**What the exercise asks**
Further down are entries; set down exactly and only the lines from the one with "SKODA Karoq 2.0" up to and including the one with "Trao Kỷ niệm", dropping each picture.

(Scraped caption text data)
◆ ◆ ◆
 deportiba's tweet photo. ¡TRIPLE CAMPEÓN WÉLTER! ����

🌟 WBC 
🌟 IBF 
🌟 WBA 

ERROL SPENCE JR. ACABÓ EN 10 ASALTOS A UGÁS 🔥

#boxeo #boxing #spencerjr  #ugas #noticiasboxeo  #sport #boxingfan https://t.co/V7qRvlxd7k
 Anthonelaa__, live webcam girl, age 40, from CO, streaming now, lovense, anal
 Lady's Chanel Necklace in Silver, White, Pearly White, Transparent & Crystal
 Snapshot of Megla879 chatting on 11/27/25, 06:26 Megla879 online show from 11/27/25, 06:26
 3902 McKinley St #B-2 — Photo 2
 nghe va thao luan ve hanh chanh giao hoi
◆ ◆ ◆
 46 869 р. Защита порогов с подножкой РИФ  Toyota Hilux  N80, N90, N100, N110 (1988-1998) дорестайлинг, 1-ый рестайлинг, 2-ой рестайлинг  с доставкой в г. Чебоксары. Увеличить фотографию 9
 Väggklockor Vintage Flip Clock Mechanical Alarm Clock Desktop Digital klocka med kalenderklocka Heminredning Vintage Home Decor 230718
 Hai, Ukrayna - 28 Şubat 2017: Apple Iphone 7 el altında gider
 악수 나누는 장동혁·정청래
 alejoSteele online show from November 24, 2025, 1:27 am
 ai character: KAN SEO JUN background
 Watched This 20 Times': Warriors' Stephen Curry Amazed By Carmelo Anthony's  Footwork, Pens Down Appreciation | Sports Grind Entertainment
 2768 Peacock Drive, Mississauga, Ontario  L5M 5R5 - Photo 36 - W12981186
◆ ◆ ◆
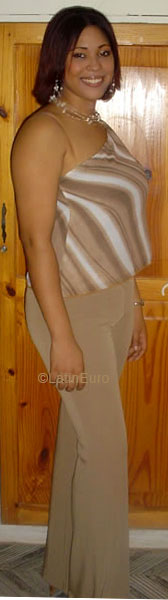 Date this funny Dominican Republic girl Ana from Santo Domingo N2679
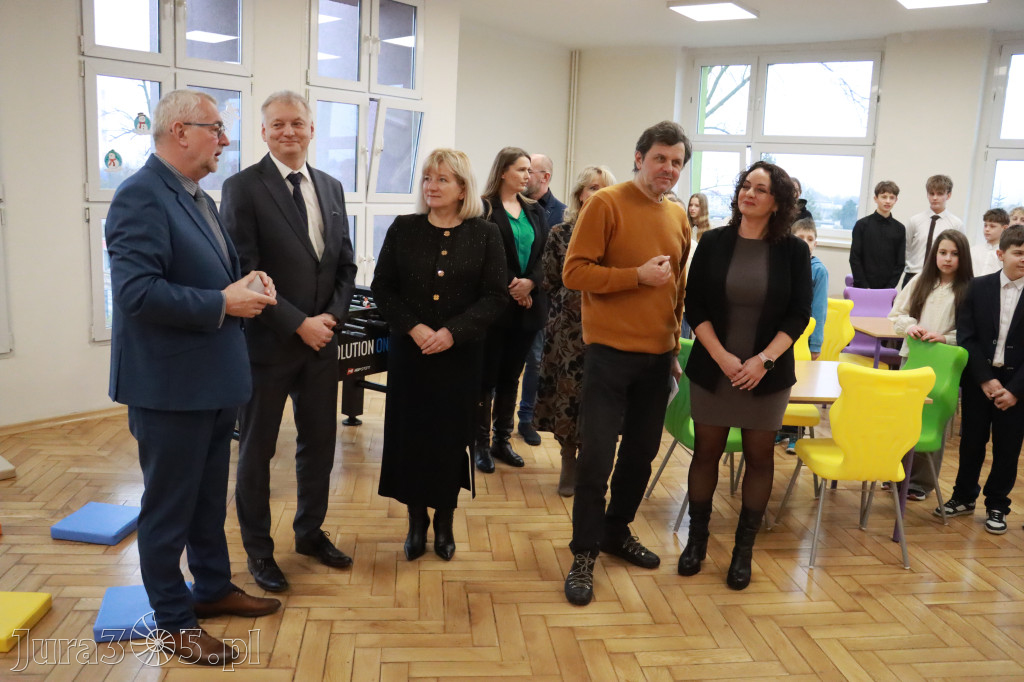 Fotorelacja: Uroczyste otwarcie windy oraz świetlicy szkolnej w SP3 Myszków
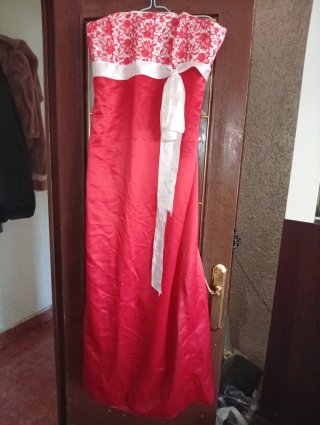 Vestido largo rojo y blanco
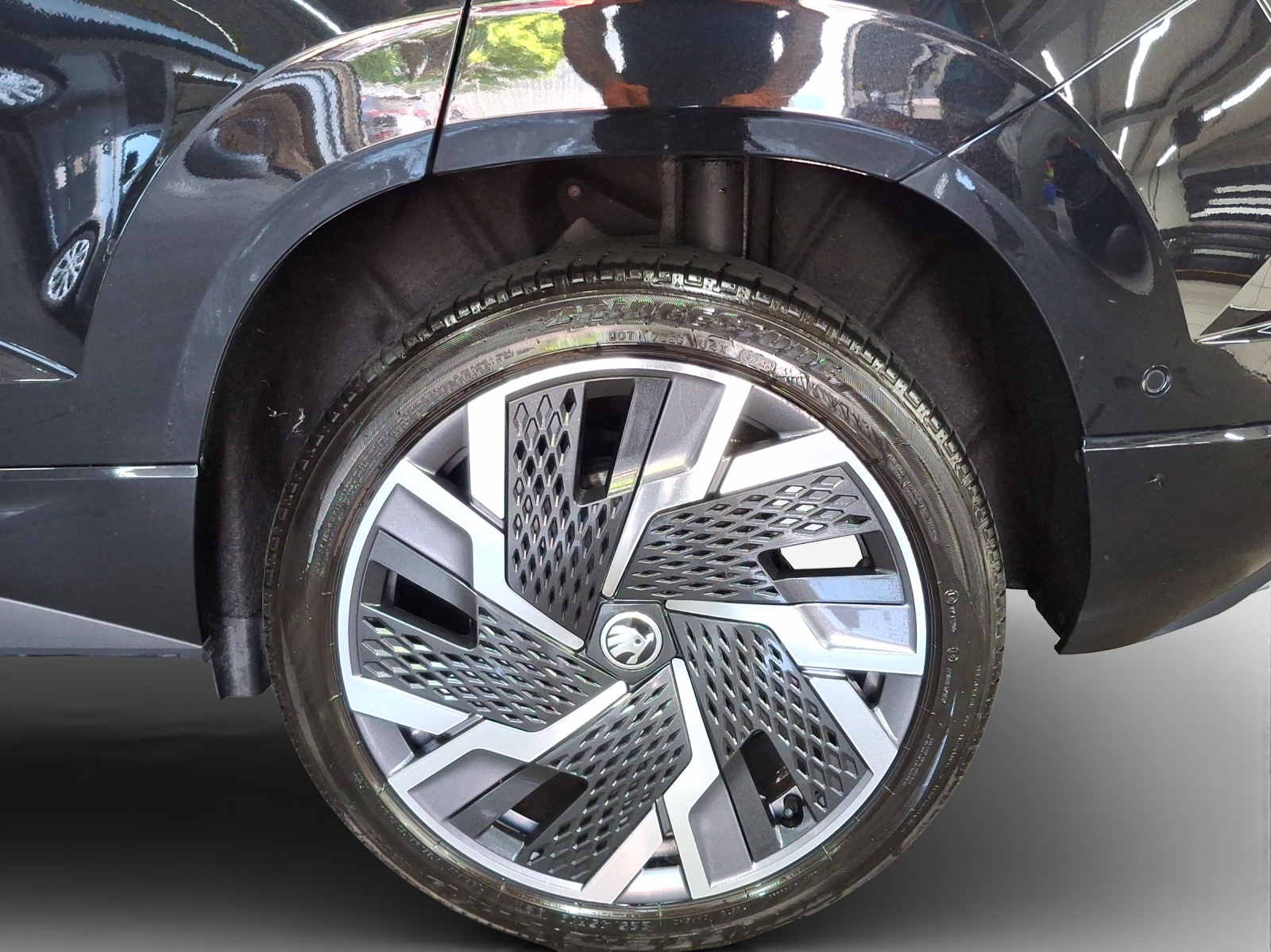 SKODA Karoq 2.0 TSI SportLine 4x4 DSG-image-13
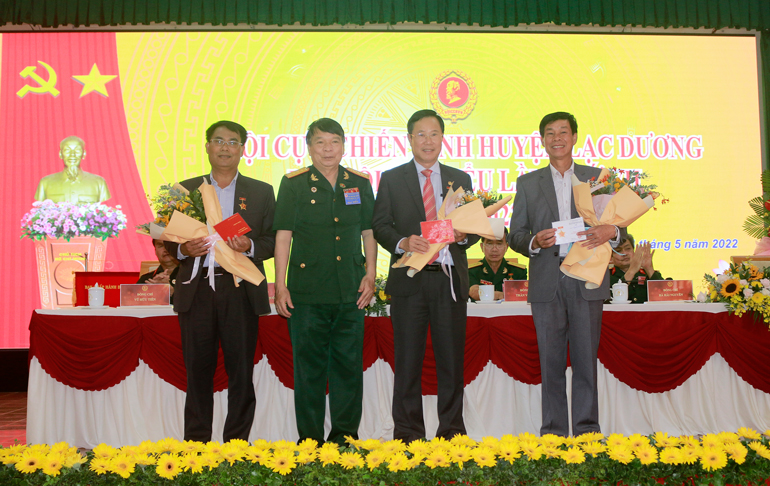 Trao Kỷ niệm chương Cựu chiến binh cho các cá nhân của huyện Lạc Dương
◆ ◆ ◆
**Completed exercise**
 SKODA Karoq 2.0 TSI SportLine 4x4 DSG-image-13
 Trao Kỷ niệm chương Cựu chiến binh cho các cá nhân của huyện Lạc Dương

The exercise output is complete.